Concept Three – Right of Decision in My Leadership Role

Concept Three – Right of Decision in My Leadership Role

Concept Three – Right of Decision in My Leadership Role

(This post was contributed to Take the 12 by Brandy H., Panel 73 Convention Chair, Area 65 Northeast Texas at the request of the creator of this website after hearing her present on this topic at the 2023 NETA65 Fall Assembly and Service Workshop)


“I was asked to give a brief presentation at area assembly on Concept 3. Brief, Ha! Being brief was the biggest challenge of the task at hand. One cannot talk about one Concept without touching upon others, because all the Concepts connect together like a puzzle. They naturally progress 1 thru 12 like the Steps and Traditions.

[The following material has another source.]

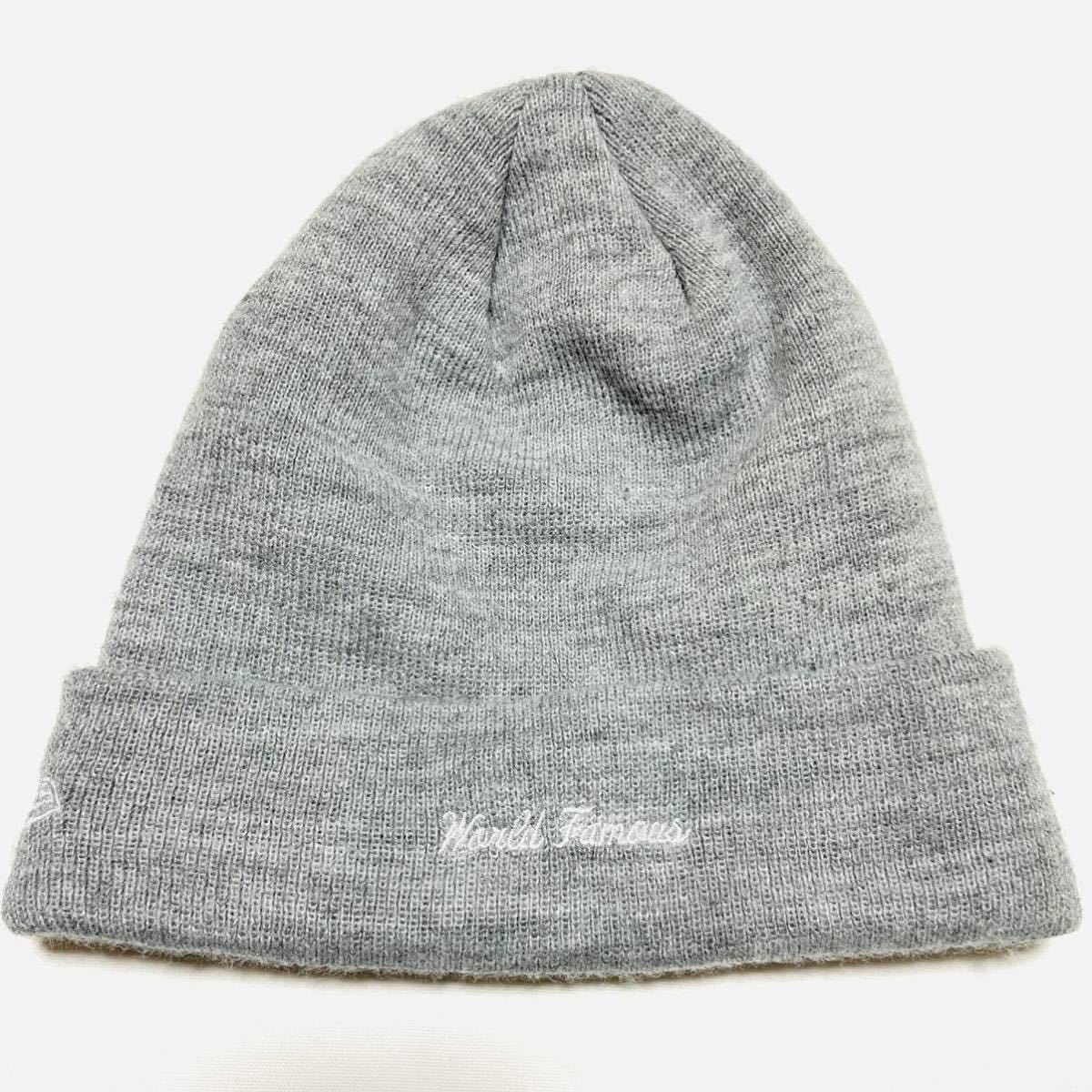 Supreme New Era Bandana Box Logo Beanie Heather Grey Blue 19aw ニューエラ バンダナ ペイズリー ボックスロゴ ニット キャップ コラボ_画像2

Without Concept 1 – Concept 2 doesn’t make sense. Without Concept 9, which is in essence leadership, GOOD Leadership, we can’t really be trusted with the “Rights” provided to us in Concepts 3, 4, 5 –

Right of Decision, Participation and Appeal.
Therefore, I want to touch base on a few now. Concepts One gives the groups Final Responsibility and Ultimate Authority. “In 1955 the groups confirmed the permanent charter for the General Service Conference, delegating the Conference authority for the active maintenance of our world services. The conference is the actual voice and the effective conscience for our whole society.” This is concept 2.
How do the groups exercise their final responsibility and ultimate authority? It’s through Concept 2 – We do this by delegating our responsibility and our authority to our leaders/trusted servants in various ways up and down the triangle.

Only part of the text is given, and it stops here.